Puisi: Untuk Nona yang Dirundung Sendu

151 4 0
                                    

Cobalah duduk sebentar, sekadar 'tuk tenangkan diri.
Nelangsa ini takkan bertahan dua kali duapuluh empat jam, Nona.
Kulitmu putih dan halus, lembut dan cerah
Jangan kau biarkan mengeriput, redup, dan pudar.

Kau tahu,
Langit akan senang, teramat senang atas kunjungamu.
Sebentar saja, cobalah tengok ke atas
Awan kemawan akan mendengarmu bercerita, apapun yang kau mau.

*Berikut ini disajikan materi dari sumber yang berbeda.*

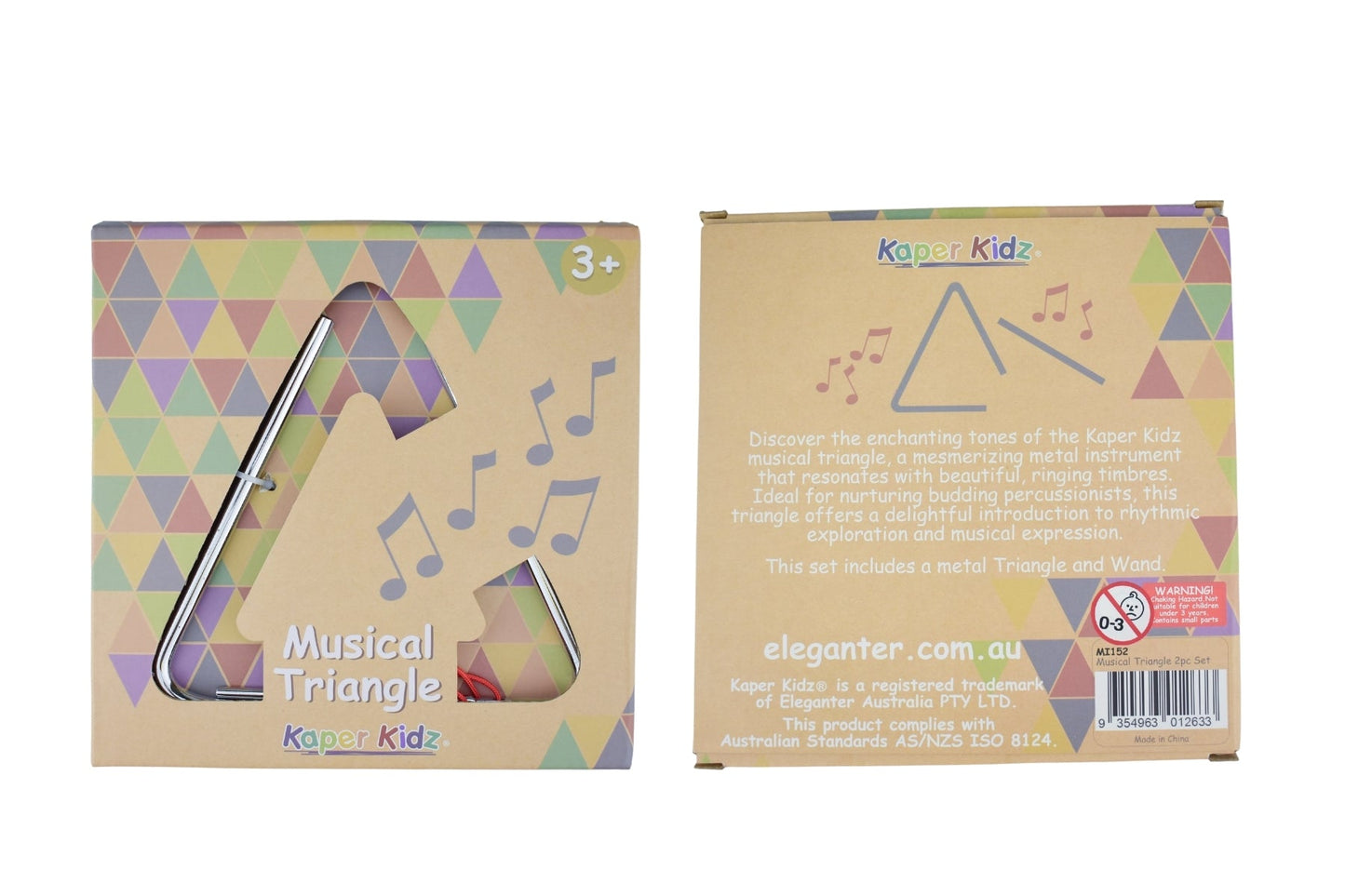 METAL MUSIC TRIANGLE 15 CM - Bamboo Sprout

Hanya saja, Nona, jangan pernah kau gantikan tugas sang awan.
Jangan pernah ada mendung menghiasi wajah teduhmu.
Jangan juga hujan melunturkan maskaramu.
Oh, jangan ada badai atau petir mengguncang sukmamu, Sayang.

Kerap kulihat bedakmu beralaskan sendu, serta lipstickmu berbahan bungkam.
Tatapan itu tajam dan menusuk, siratkan kehancuran yang mendalam,
Dan terhadap sang pedih yang menyayat hati, akankah kau biarkan ia bernapas dalam jiwamu?
Adakah lagi kulihat bibir itu bersua, atau sekadar saja sunggingkan seulas senyuman?
Bilamanakah dapat kulihat kau menari, atas sang hujan yang telah menghidupkan semesta?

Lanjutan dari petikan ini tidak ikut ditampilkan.